Si la des­si­na­trice ne voit pas, dans le cas de son ex, de mau­vaise inten­tion, mais plu­tôt un trait de per­son­na­li­té chez un conjoint nar­cis­sique qui ne vivait que pour faire plai­sir et “sau­ver” les autres, elle note que ce sché­ma est d’autant plus dif­fi­cile à détec­ter qu’il s’inscrit plei­ne­ment dans les inéga­li­tés et la domi­na­tion hommes-​femmes : “C’est le fruit d’une cho­ré­gra­phie hété­ro­sexuelle qu’on apprend aux hommes, analyse-​t-​elle. Qu’une femme ait envie de se marier, c’est cen­sé être nor­mal, mais quand c’est un homme, on se dit for­cé­ment que c’est une pépite, car il se pro­jette et veut s’engager, c’est si rare.” Louise Delavier com­plète : “C’est com­pli­qué dans notre socié­té quand on est des filles, car toute marque d’attention doit être hono­rée et il fau­drait y répondre presque avec recon­nais­sance.” 

Violences conju­gales 

L’expression love bom­bing est employée depuis les années 1990 par des chercheur·euses anglo-saxon·nes au sujet des méthodes addic­tives de cer­taines sectes (comme la secte Moon) et de leurs gou­rous pour cajo­ler, convaincre leurs ouailles et les main­te­nir sous emprise. Une stra­té­gie que se sont appro­priée les coachs en séduc­tion les plus miso­gynes pour faire miroi­ter monts et mer­veilles et appâ­ter leurs proies. Le love bom­bing conscient peut ain­si faire par­tie inté­grante de stra­té­gies de mani­pu­la­tion dans le cadre des vio­lences conju­gales : des agres­sions dans un gant de velours qui se font pas­ser pour des com­pli­ments. Lisa*, 28 ans, en a fait les frais avec des hommes qu’elle iden­ti­fie comme des per­vers nar­cis­siques : “Les per­vers nar­cis­siques te love bomb, tu tombes in love et puis ils se détachent petit à petit et deviennent toxiques.”
Dans le tchat ani­mé par l’association En avant toute(s), le sujet est régu­liè­re­ment abor­dé par des vic­times : “C’est une stra­té­gie de séduc­tion des agres­seurs, détaille Louise Delavier. On le constate dans qua­si­ment toutes les situa­tions de vio­lence, cela fait par­tie du ver­rouillage et du contrôle exer­cé sur les vic­times. D’autant que le défer­le­ment d’amour se fait par­fois à des­ti­na­tion de per­sonnes déjà fra­gi­li­sées pour qui il est d’autant plus sédui­sant de s’y réfu­gier et pour qui la chute n’en est que plus dif­fi­cile.” Anaïs Schenké confirme : “On se sent hyper valo­ri­sée, mais c’est en fait un cli­mat de dépen­dance affec­tive.”

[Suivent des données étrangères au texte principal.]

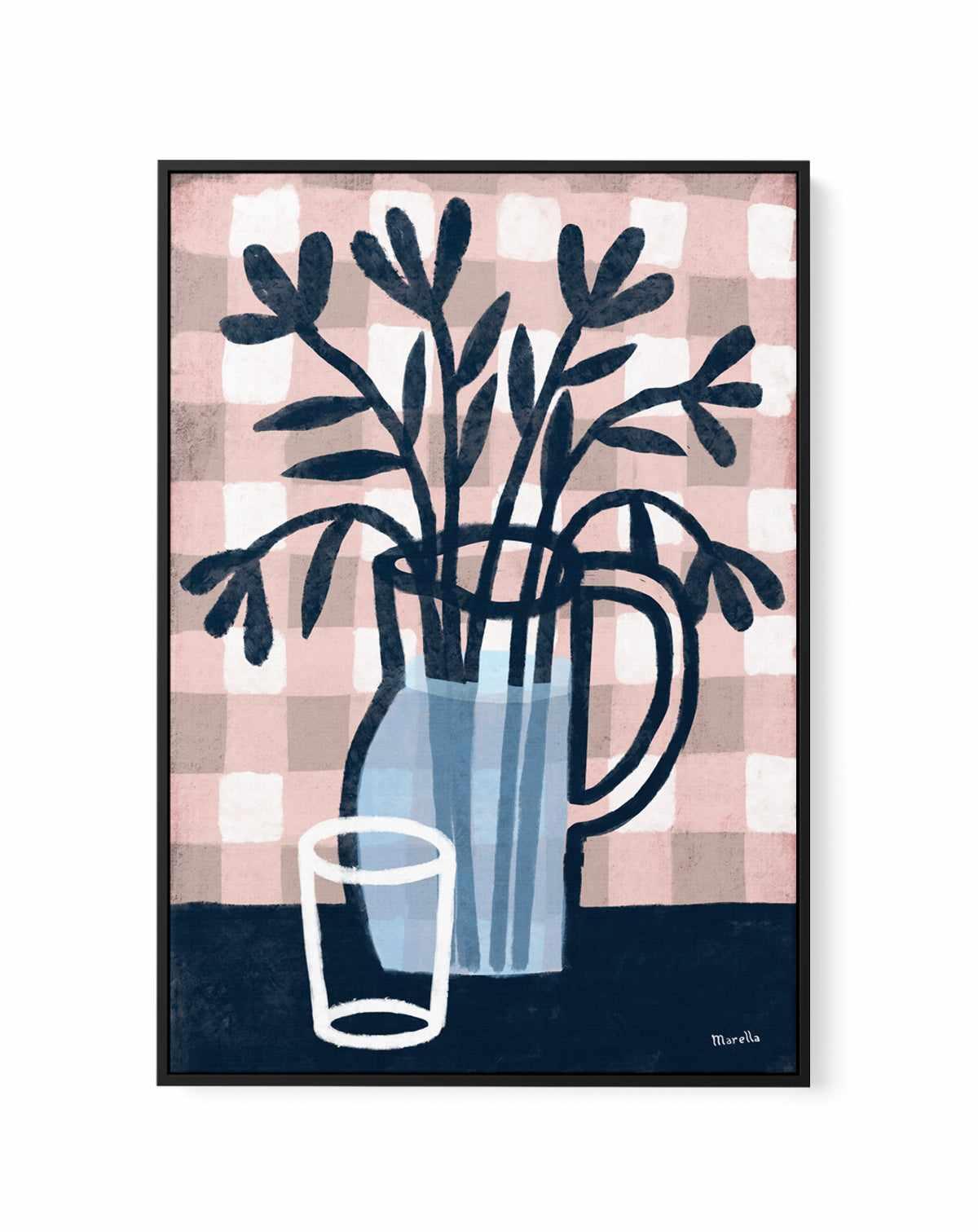Jug and Glass by Marco Marella | Framed Canvas Art Print from Olive et Oriel where you can shop wallpaper and artworks online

"Je ne crois plus en rien"

Un “bom­bar­de­ment amou­reux” ampli­fié par l’omnipotence des réseaux sociaux et faci­li­té par l’omniprésence des smart­phones : “Quand on n’est pas ensemble, on est ensemble, car on conti­nue de se par­ler par mes­sages”, décrypte Louise Delavier. Les effets de cette pra­tique peuvent être dévas­ta­teurs pour les vic­times, flat­tées, séduites puis aban­don­nées. “C’est très dur de s’en défaire et cela m’a plu­sieurs fois détruite à petit feu”, déplore Lisa. Anaïs Schenké confirme : “Ça m’a flin­guée. Depuis, je n’ai eu aucune rela­tion amou­reuse, je ne crois plus en rien.”
Comment s’en dépê­trer ? “On peut dire : ça me ques­tionne, tu me dis plein de choses trop belles, ça me fait trop plai­sir, mais j’ai besoin d’un peu d’espace’, pro­pose Louise Delavier. “Ou encore, ‘Quand je tra­vaille, tu n’es pas obli­gé de m’écrire quatre tex­tos à la minute’, ça n’a rien de négatif.”

  • * Les pré­noms ont été modifiés.